Records for the task:
________
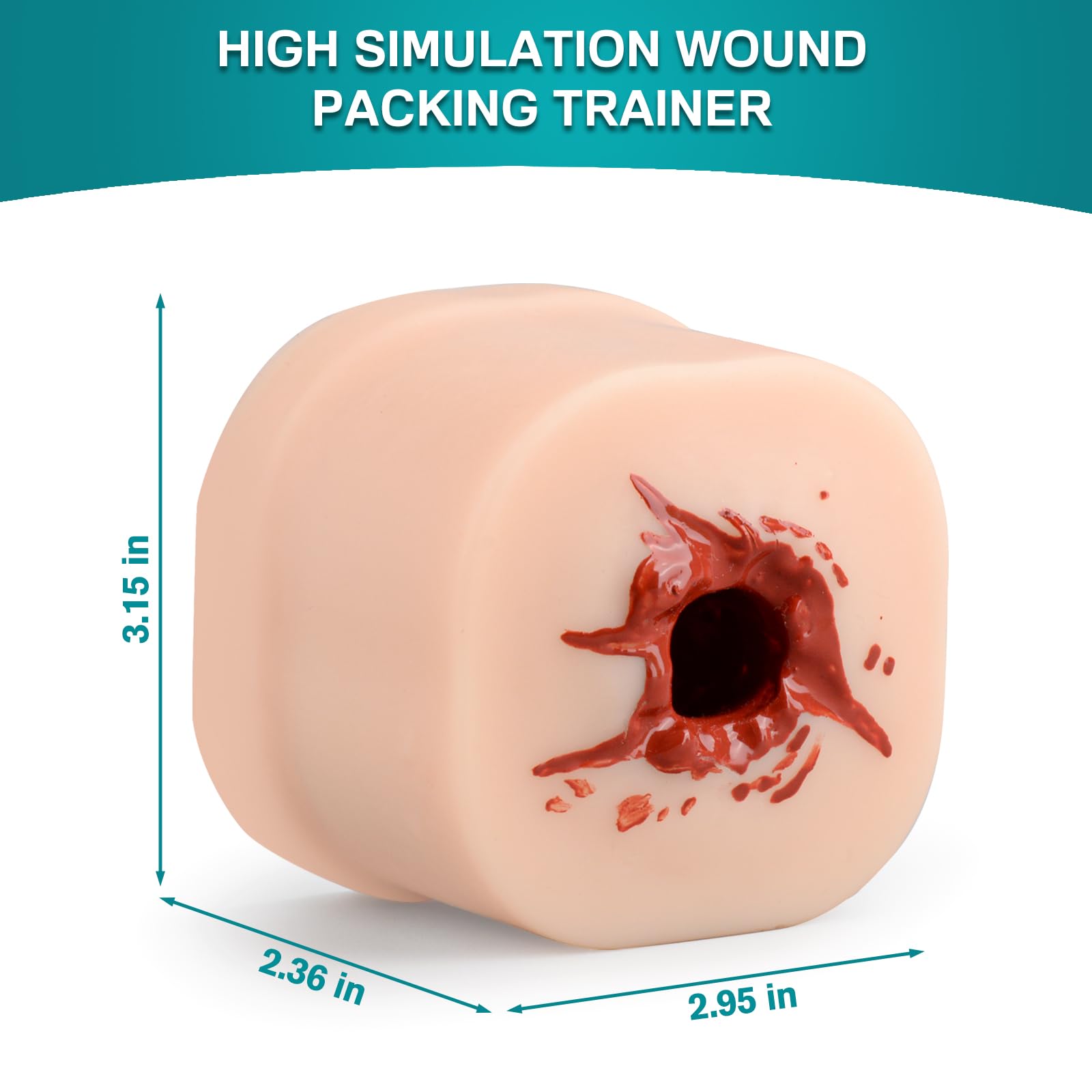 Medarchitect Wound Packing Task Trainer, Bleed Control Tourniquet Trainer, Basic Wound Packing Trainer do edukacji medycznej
________
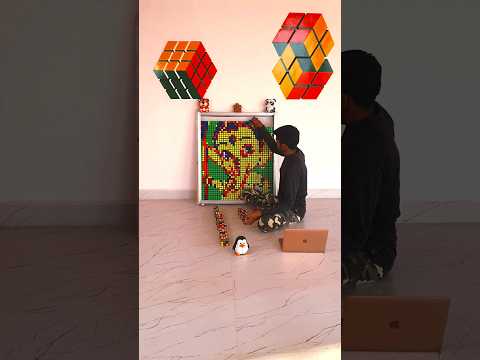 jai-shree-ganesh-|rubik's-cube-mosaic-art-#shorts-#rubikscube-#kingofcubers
________
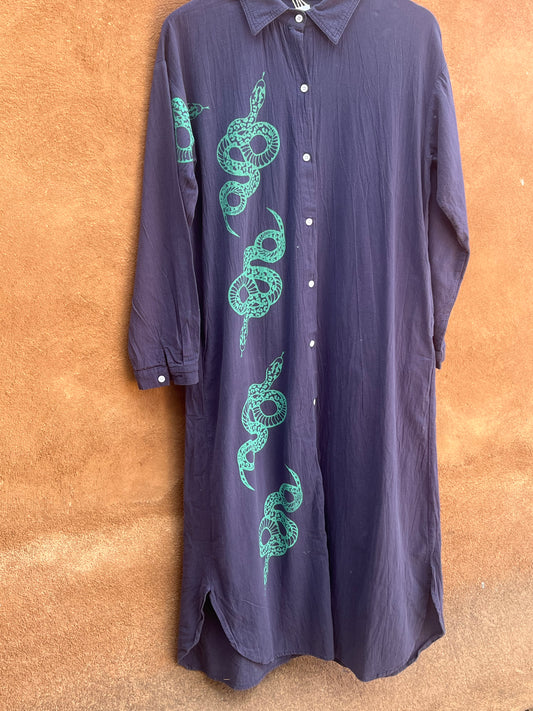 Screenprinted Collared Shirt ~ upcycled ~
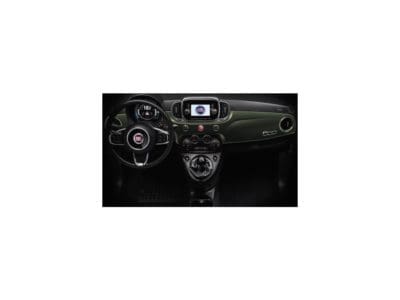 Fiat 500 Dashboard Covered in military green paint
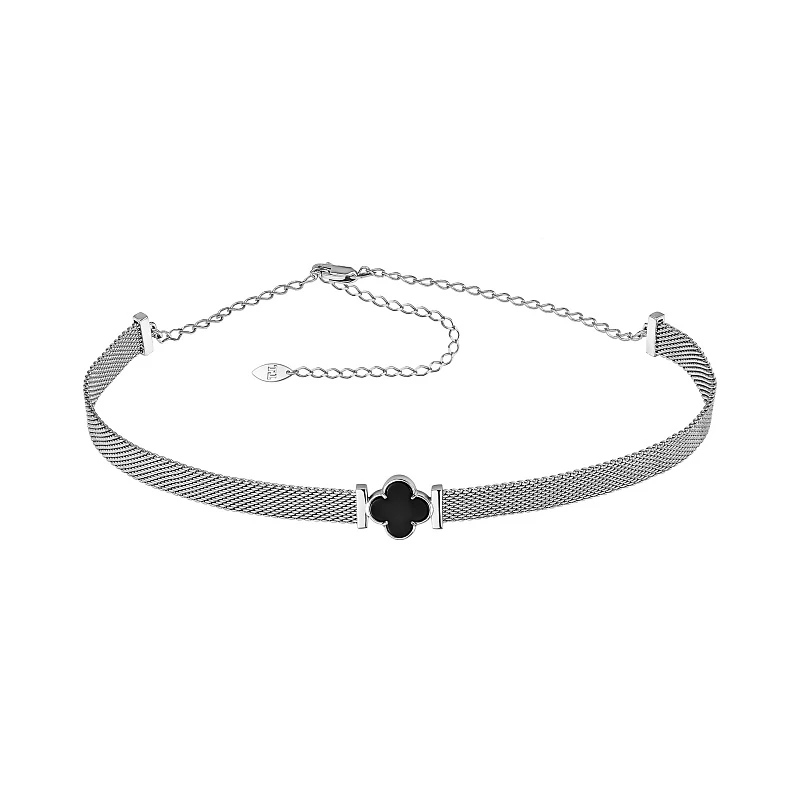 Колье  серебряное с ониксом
________
Try it:
Copy back exactly the lines above from the one containing "Screenprinted Collared Shirt ~ upcycled ~" through the one containing "серебряное с ониксом", and leave every picture behind.

Answer to this task:
 Screenprinted Collared Shirt ~ upcycled ~
 Fiat 500 Dashboard Covered in military green paint
 Колье  серебряное с ониксом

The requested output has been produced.